> [YOUR INSTRUCTIONS]:
The data that follows is to be copied exactly, with each image removed.

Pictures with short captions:
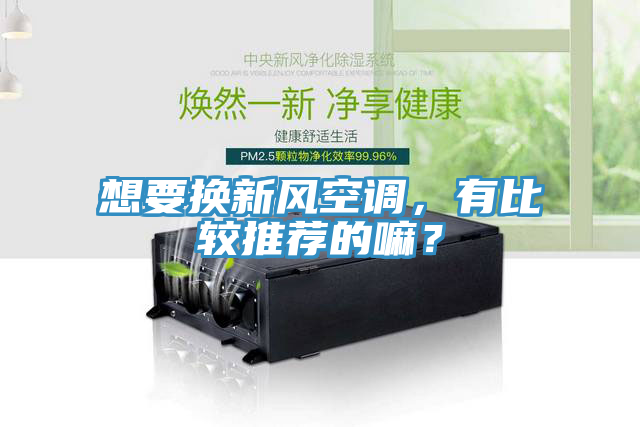 想要換新風空調，有比較推薦的嘛？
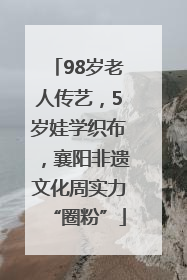 98岁老人传艺，5岁娃学织布，襄阳非遗文化周实力“圈粉”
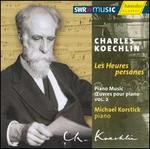 Charles Koechlin: Piano Music, Vol. 2 "Les Heures persanes"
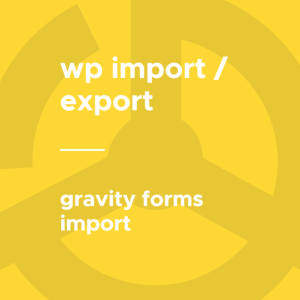 WP All Import - Gravity Forms
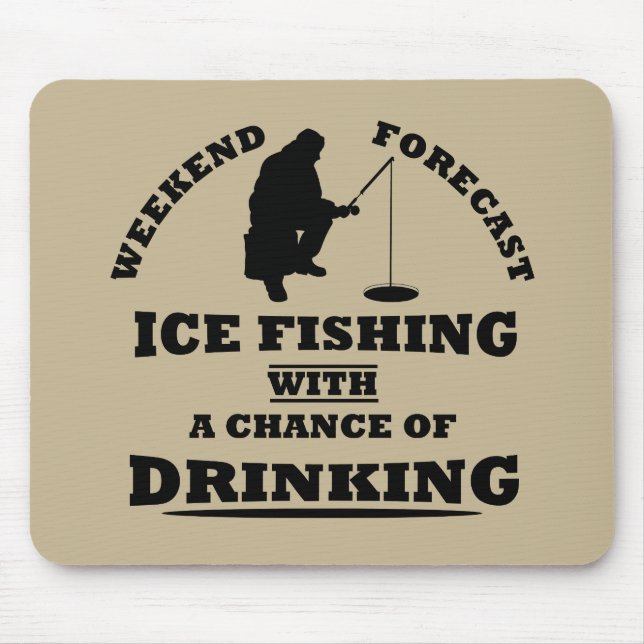 Tapis De Souris funny quotes about ice fishing and drinking lovers (Devant)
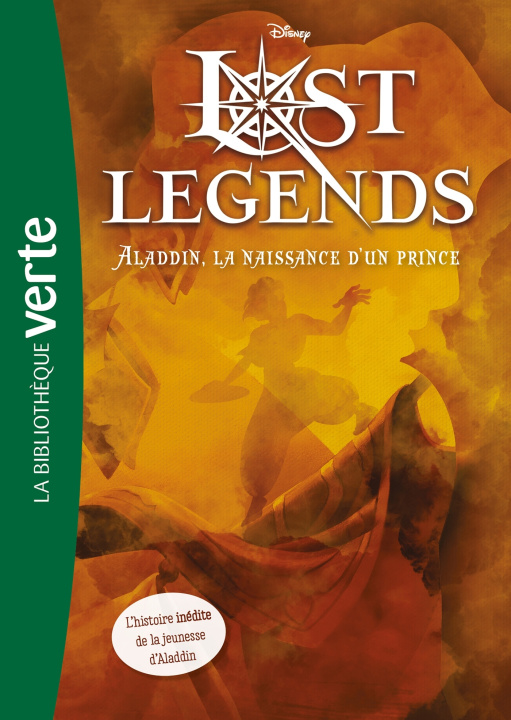 Kniha Lost Legends 02 - Aladdin, la naissance d'un prince Walt Disney company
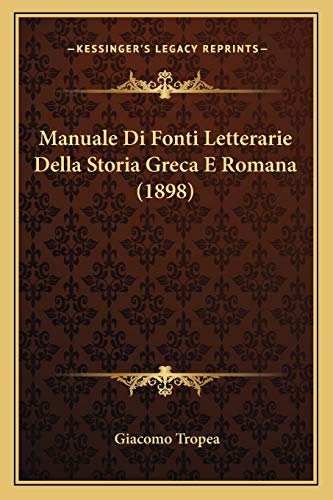 Beispielbild fr Manuale Di Fonti Letterarie Della Storia Greca E Romana (1898) zum Verkauf von THE SAINT BOOKSTORE
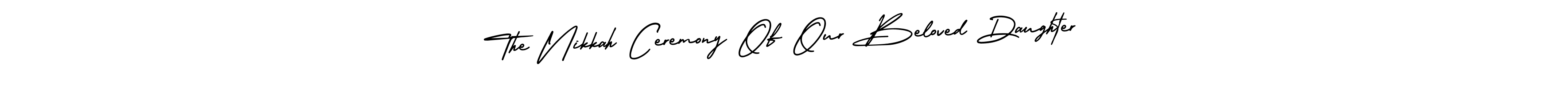 Use a signature maker to create a handwritten signature online. With this signature software, you can design (AmerikaSignatureDemo-Regular) your own signature for name The Nikkah Ceremony Of Our Beloved Daughter. The Nikkah Ceremony Of Our Beloved Daughter signature style 3 images and pictures png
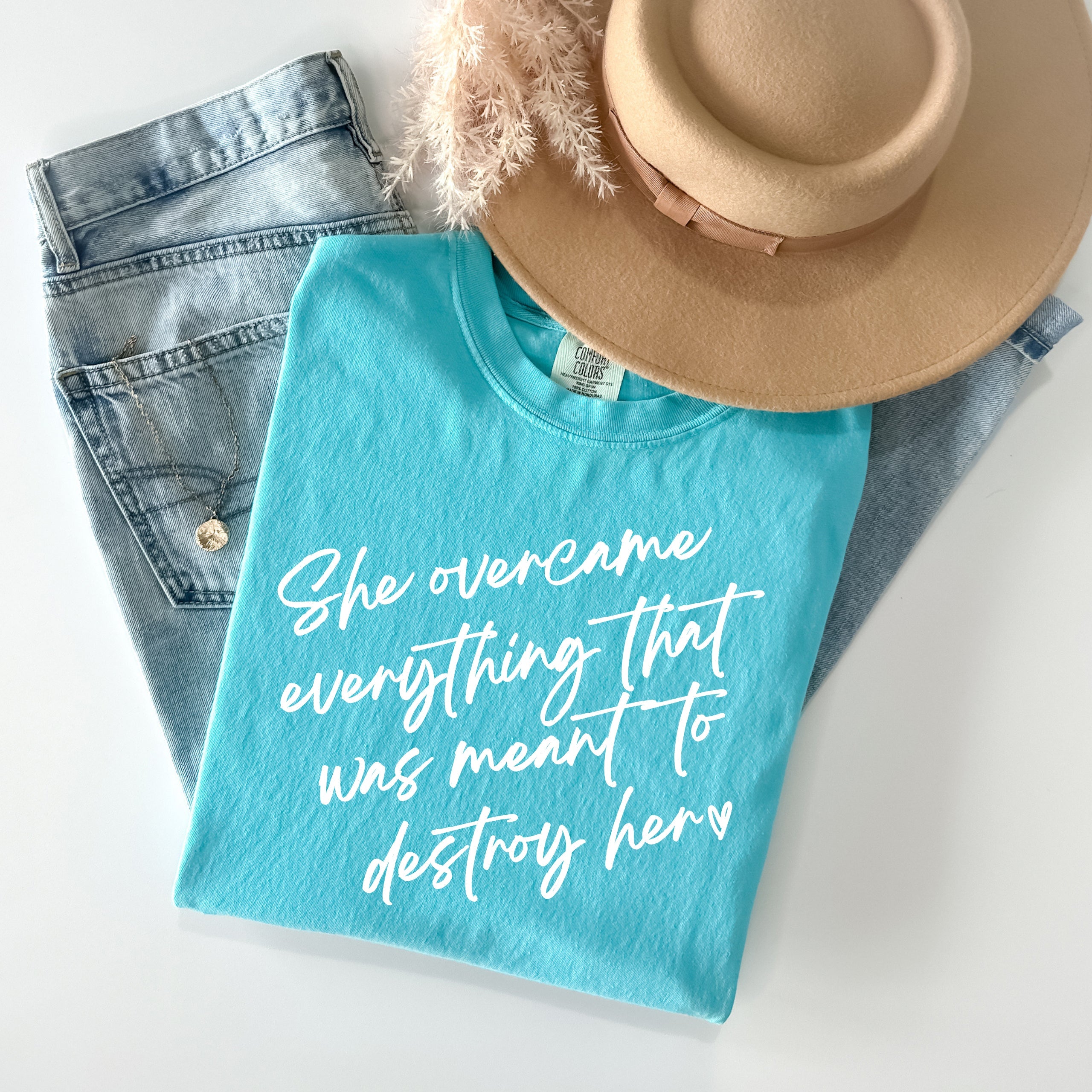 She Overcame Everything That Was Meant to Destroy Her Graphic Tee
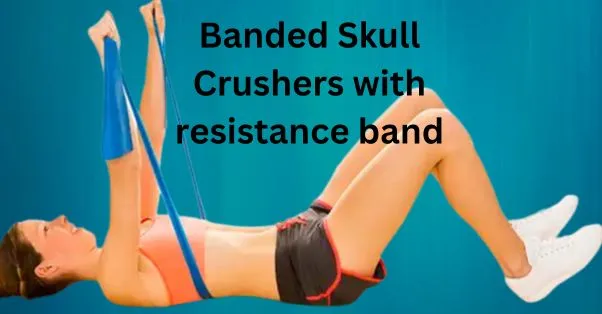 5 Best and Effective Tricep workouts with resistance bands: banded skull crushers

> [SOLUTION TO THIS EXERCISE]:
 想要換新風空調，有比較推薦的嘛？
 98岁老人传艺，5岁娃学织布，襄阳非遗文化周实力“圈粉”
 Charles Koechlin: Piano Music, Vol. 2 "Les Heures persanes"
 WP All Import - Gravity Forms
 Tapis De Souris funny quotes about ice fishing and drinking lovers (Devant)
 Kniha Lost Legends 02 - Aladdin, la naissance d'un prince Walt Disney company
 Beispielbild fr Manuale Di Fonti Letterarie Della Storia Greca E Romana (1898) zum Verkauf von THE SAINT BOOKSTORE
 Use a signature maker to create a handwritten signature online. With this signature software, you can design (AmerikaSignatureDemo-Regular) your own signature for name The Nikkah Ceremony Of Our Beloved Daughter. The Nikkah Ceremony Of Our Beloved Daughter signature style 3 images and pictures png
 She Overcame Everything That Was Meant to Destroy Her Graphic Tee
 5 Best and Effective Tricep workouts with resistance bands: banded skull crushers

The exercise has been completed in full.